New Order release their tenth studio album, a record cleverly combining guitars and synthesisers and which will set the world in motion to the sound of a bunch of powerful dance tracks.
Manchester band born from the ashes of iconic band Joy Division released their new album today. Under the name “Music Complete”, the record gives us New Order not at their best but at their most competent. Featuring ten songs, it is a true voyage through the sound legacy of the band, considering that nearly all the elements that made them a big name in modern music are there. We can trace nearly all the songs back to the different phases in the band’s career. Upon listing to “Restless” we see us immediately before the sound of the band.
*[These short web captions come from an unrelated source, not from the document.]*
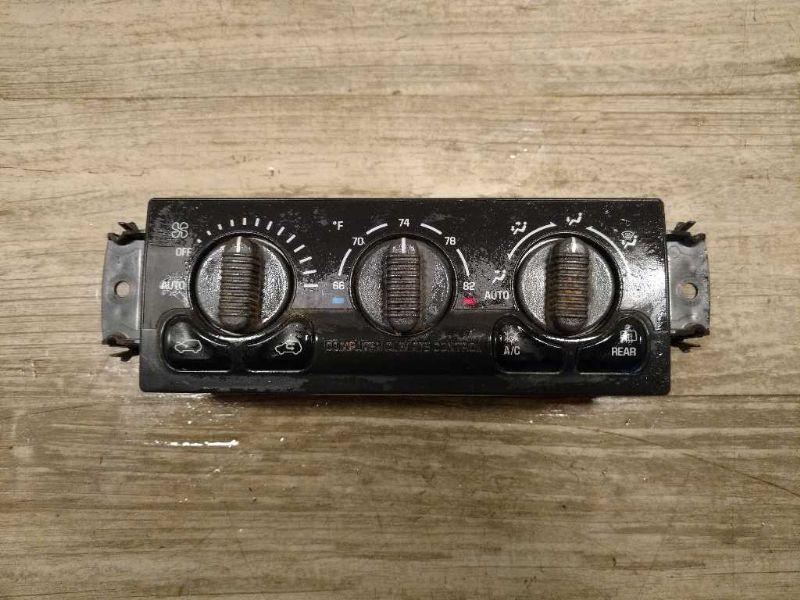 Auxiliary (Roof) Climate Control Panel from a 2001 GMC Yukon, photo 1
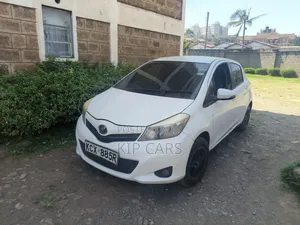 Toyota Vitz 1.3 FWD 5dr 2013 White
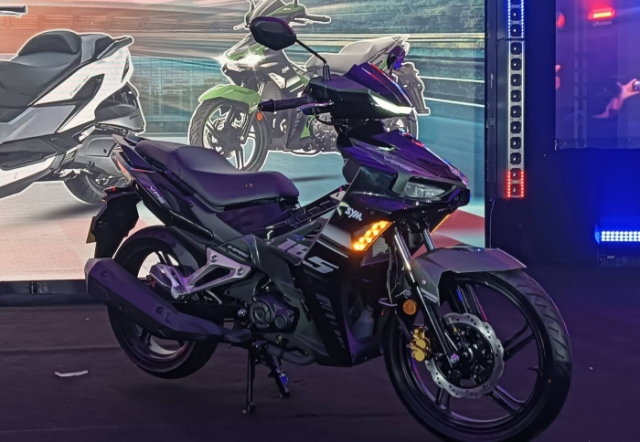 Xe con tay SYM VFE 185i trinh lang voi gia ban chi 54 trieu Dong De doa Winner R va Exciter 155 - 3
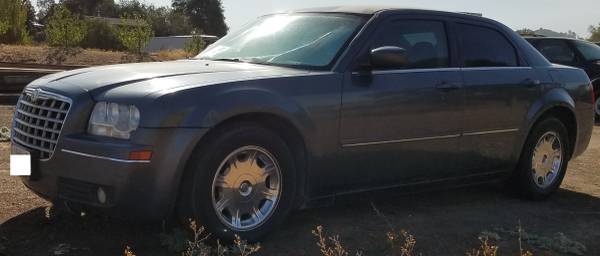 2005 Chrysler 300 Parts car/Mechanics special - - by for sale in Auberry, CA – photo 5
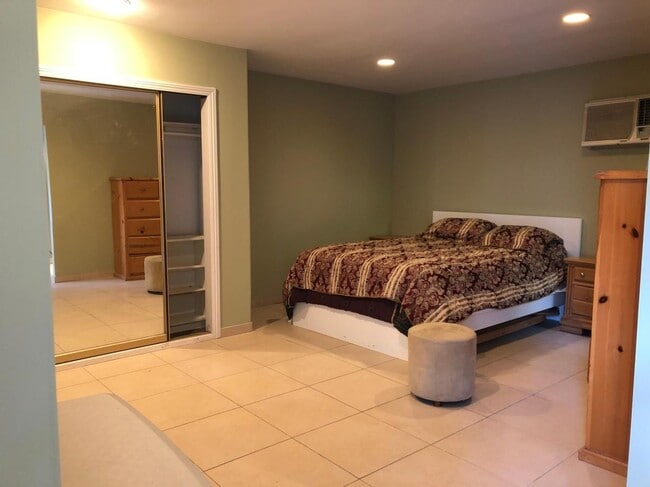 Photo - 200 S Palm Dr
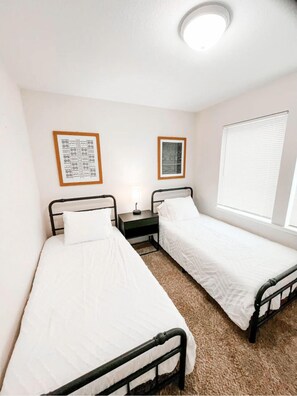Premium House | Iron/ironing board, free WiFi, bed sheets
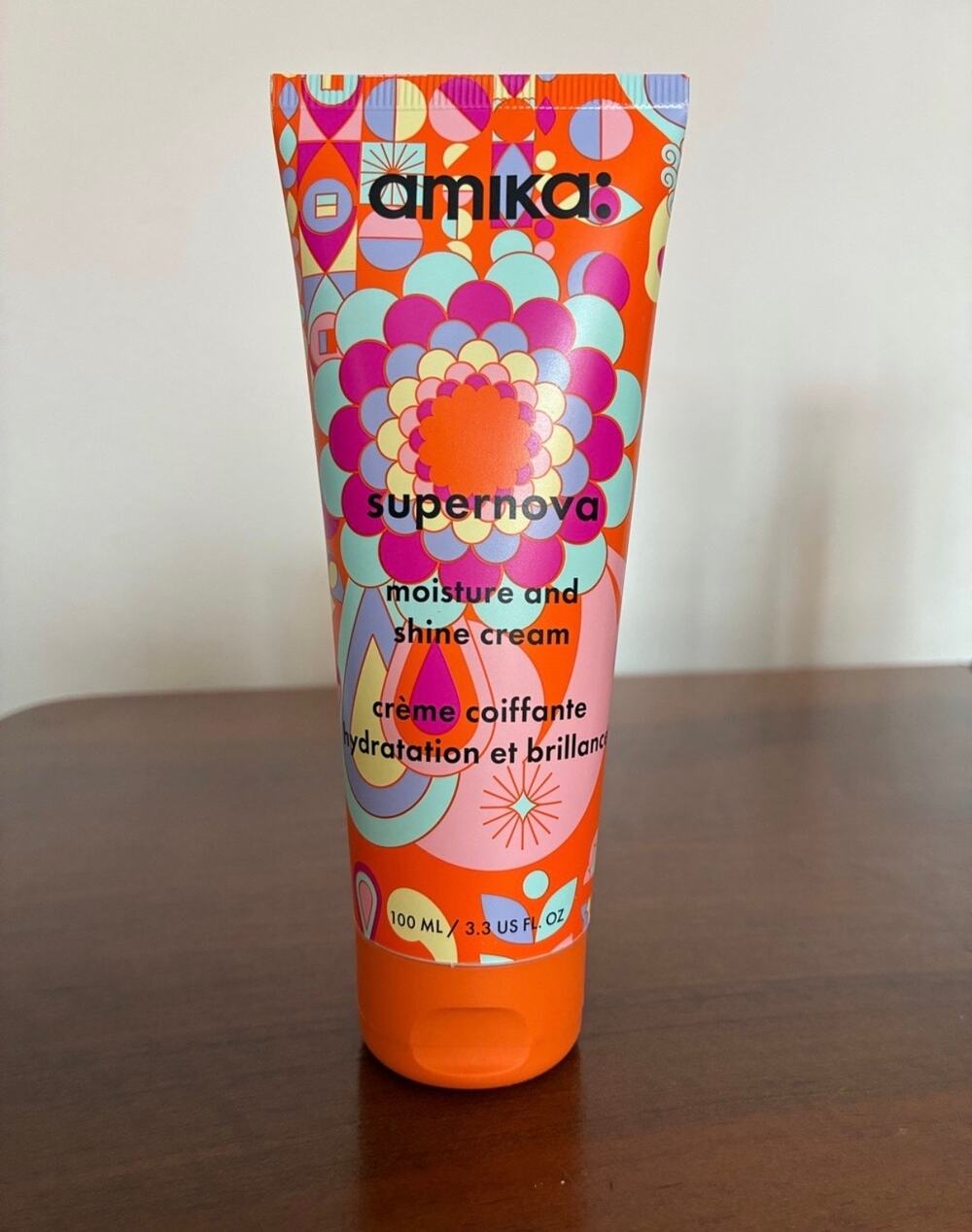 Amika Supernova Moisture and Shine Cream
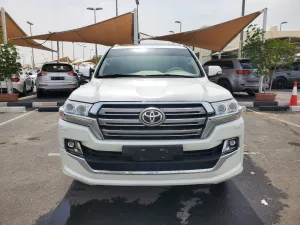 2017 Toyota Land Cruiser in dubai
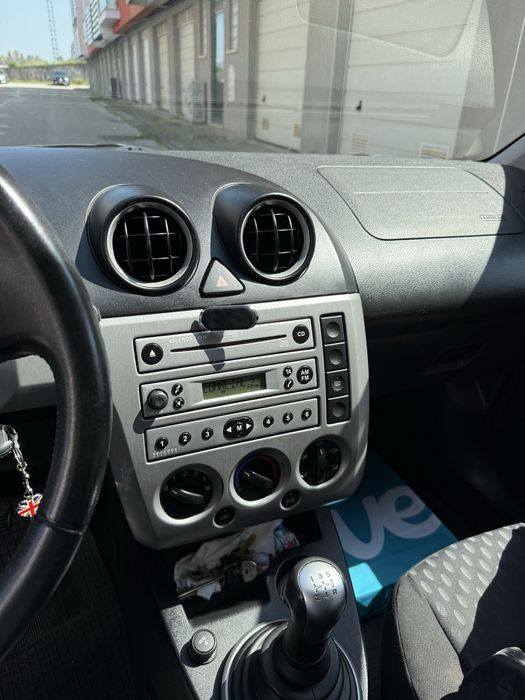 Vendo Ford Fiesta 1.2 gasolina 2004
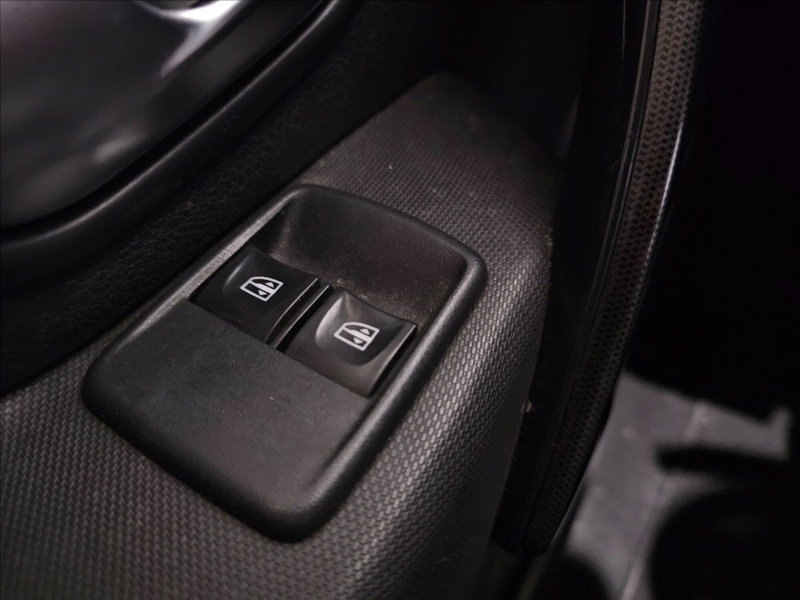 Dacia Sandero usata a Palermo (18)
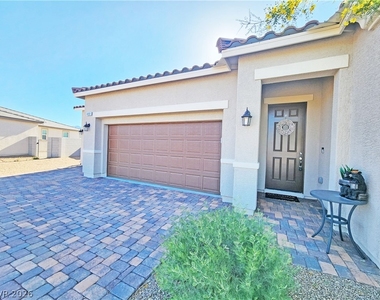 4901 Fairwood Court - Photo Thumbnail 3
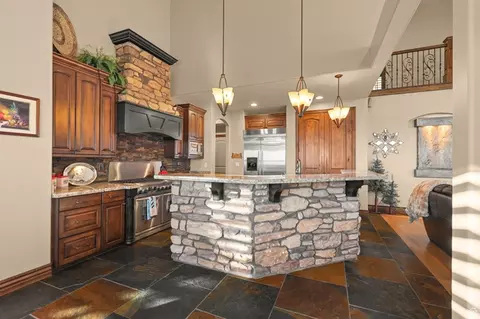 Kitchen - 3150 E 25 S, Layton, UT 84040 photo 1 of 3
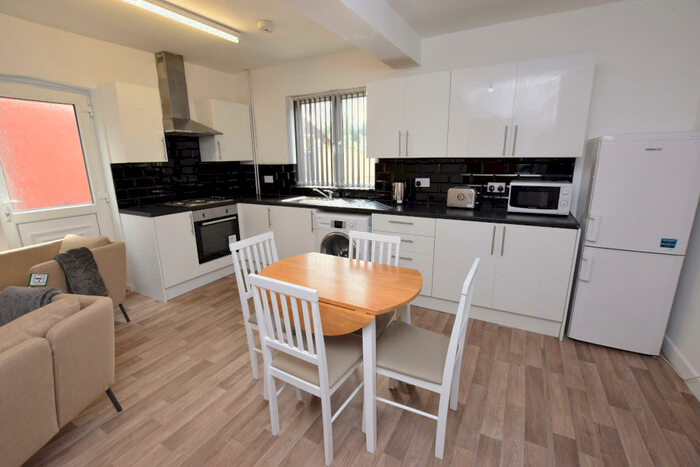 5 Bedroom Semi-Detached House To Rent In London Road /, Far Cotton, Northampton, NN4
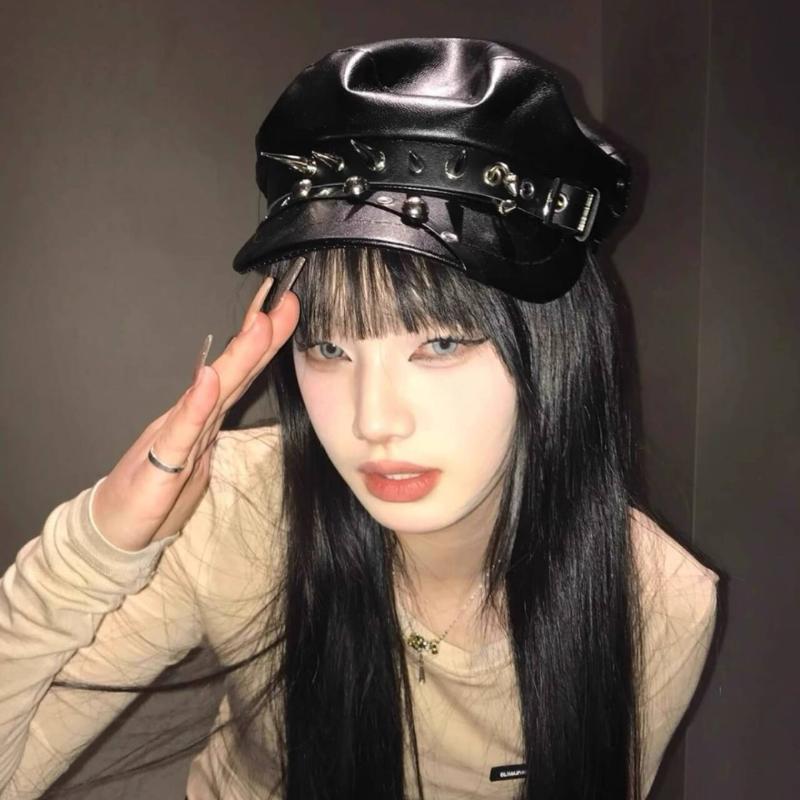 Vintage Rivet Beret Harajuku Y2K Girl Gothic Lolita Black Leather Dark Face Revealing Flat Top Newsboy Caps Sunscreen Beret Cap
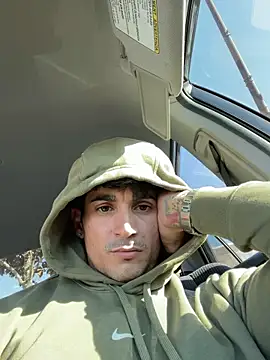 Snapshot of kevinyork chatting on January 8, 2025, 7:34 pm kevinyork online show from January 8, 2025, 7:34 pm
Nearly everything is there, from Bernard Albrecht’s voice and guitar to the synth sound of Gillian Gilbert who is now on board again. Should Peter Hook have joined in too this would be a nearly perfect album. Estranged for some years from the band he embarked in recent years in a new project under the mane Peter Hook and the Light travelling the world playing Joy Division albums. But funny enough, “Restless” could have been a Monaco song, the band formed by Peter Hook when he left New Order. Or one can say that Monaco sounds a lot like New Order. New Order has always had a distinctive sound and all their members have had a fair share in shaping it. Hence it is only normal that all the side projects from Bernie’s Electronic to Hook’s Monaco and Gillian Gilberts and Stephen Morris project The Other Two bring us to New Order and ultimately to the Joy Division legacy.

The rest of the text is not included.